Make sure all the text files were added to github and not annex, such as config and .md files. To revert annexed files, run git annex unannex path/to/file and git add path/to/file

c) Publish your dataset as explained in step 3 of the standard procedure

C) Initialising the Globus special remote

After a dataset has been published successfully, you may notice that, once installed with datalad, files cannot be retrieved. This is because files were annexed. Therefore, you need to register the actual location of the dataset files (which is in Globus.org) with git annex and datalad for the first time so that git annex will know where to look for files content and consequently dataset users will be able to install the dataset and retrieve all the files contents with git annex as desired.
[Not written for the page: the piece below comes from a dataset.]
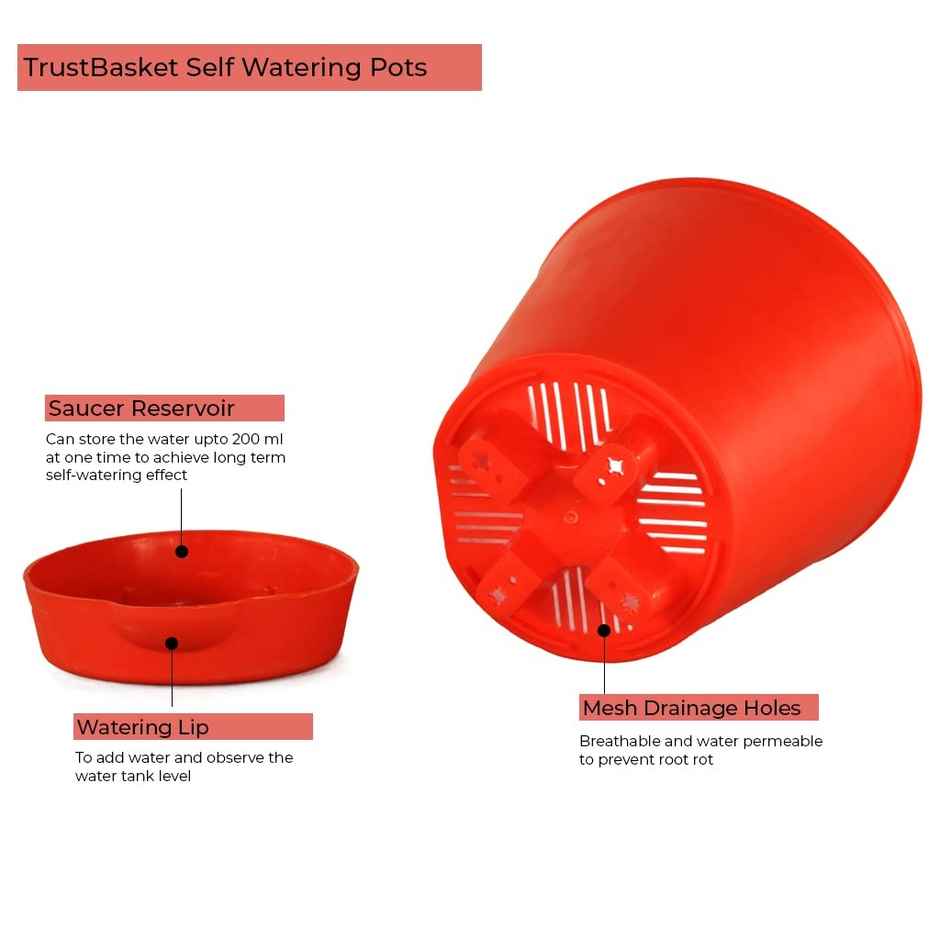 TrustBasket Titan Self Watering Pots | 5.5 x 5.9 in | Smart Plastic Planters for Indoor & Outdoor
To register a dataset you must follow the procedure provided by the globus tools for dataset addition in

  • Step 2: Register the dataset with the git-annex globus remote for first time setup

The steps are shown below for ease:

d) First let's install some requirements.

pip install configparser pip install git-annex-remote-globus

e) Then we make sure we are in the new dataset root conp-dataset/project/<newprojectname>. The fileprefix and endpoint can be found in the dataset page in Globus.org (metadata). The fileprefix is the fixed path before the dataset directories. The remote must be initialized

cd conp-dataset/project/<newprojectname> (if you are not there)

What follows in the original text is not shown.